Uczta dla oczu: elita fotografii przyrodniczej
Każdego roku przyznawana jest nagroda „Wildlife Photographer of the Year”. Wybór nie jest łatwy, zdjęcia są porywające. Konkurs organizują Muzeum Historii Naturalnej w Londynie i BBC Worldwide. Tu kilka prac finalistów
„Noisy neighbour“
Ten ciekawski lisek ryzykuje spojrzenie na to, co się dzieje za murem w brytyjskim Bristolu. Nie trzeba chyba nikogo przekonywać, że zdjęcie jest niepowtarzalne. Nagroda „Wildlife Photographer of the Year” (WPY) przyznawana jest od 1965 roku. Każdorazowo zawodowi fotografowie i amatorzy nadsyłają tysiące zdjęć. W tym roku było ich blisko 50 tys.
„Termite tossing“
Dzioborożec jest wielkim amatorem termitów. Jeden po drugim wyłapuje je swoim ostrym dziobem, podrzuca w powietrze i hop! – smakołyk trafia do gardła.

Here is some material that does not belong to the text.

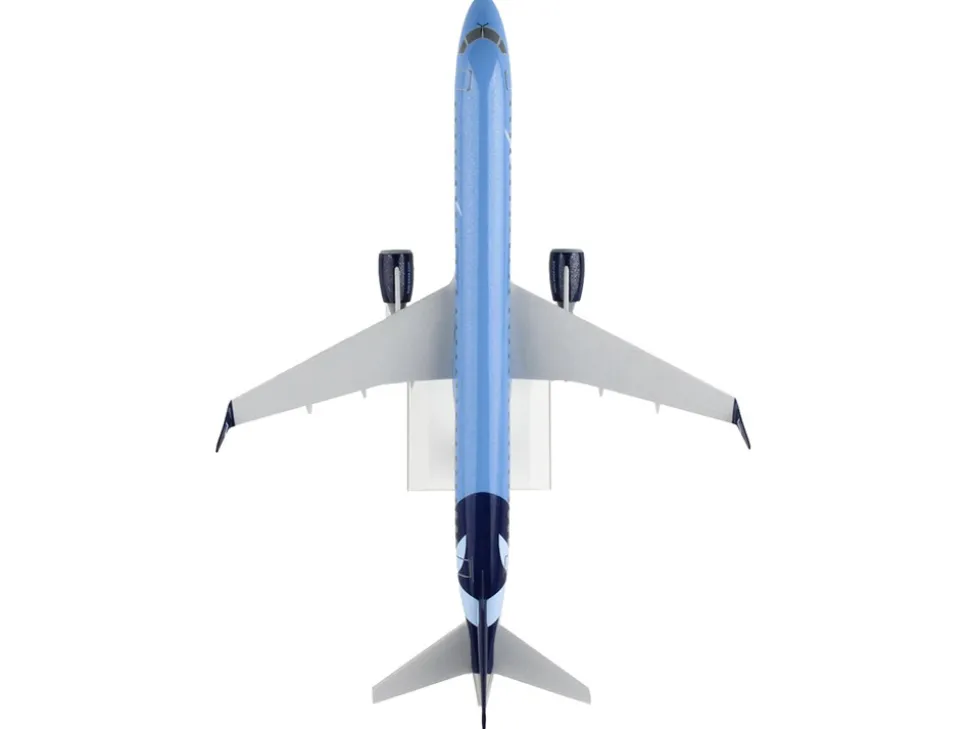 Embraer E195 Commercial Aircraft "Breeze Airways" (N190BZ) Blue (Snap-Fit) 1/100 Plastic Model by Skymarks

Zdjęcie zostało zrobione w parku narodowym Kgalagadi Transfrontier Park w RPA.
„Collective courtship“
Każdej zimy w płytkich wodach australijskiej Zatoki Spencera zbierają się tysiące kałamarnic olbrzymich. Dla zaimponowania samicom, męskie osobniki przybierają oszałamiające barwy.
„Crystal precision“
Codziennie, tuż po zachodzie słońca, z opuszczonego domu w Salamance w Hiszpanii wylatuje na polowanie około 30 nietoperzy. Niezwykle pożyteczne żarłoki są głodne – podczas nocnego polowania każdy potrafi połknąć trzy tysiące insektów.
„Playing pangolin“
Pozostańmy przy nocnych aktywnościach. Ten oto lew upatrzył sobie jako łup łuskowca. Twardy orzech do zgryzienia, bo w chwili zagrożenia, ssak ten zwija się w kulkę, której właściwie nie sposób rozłupać.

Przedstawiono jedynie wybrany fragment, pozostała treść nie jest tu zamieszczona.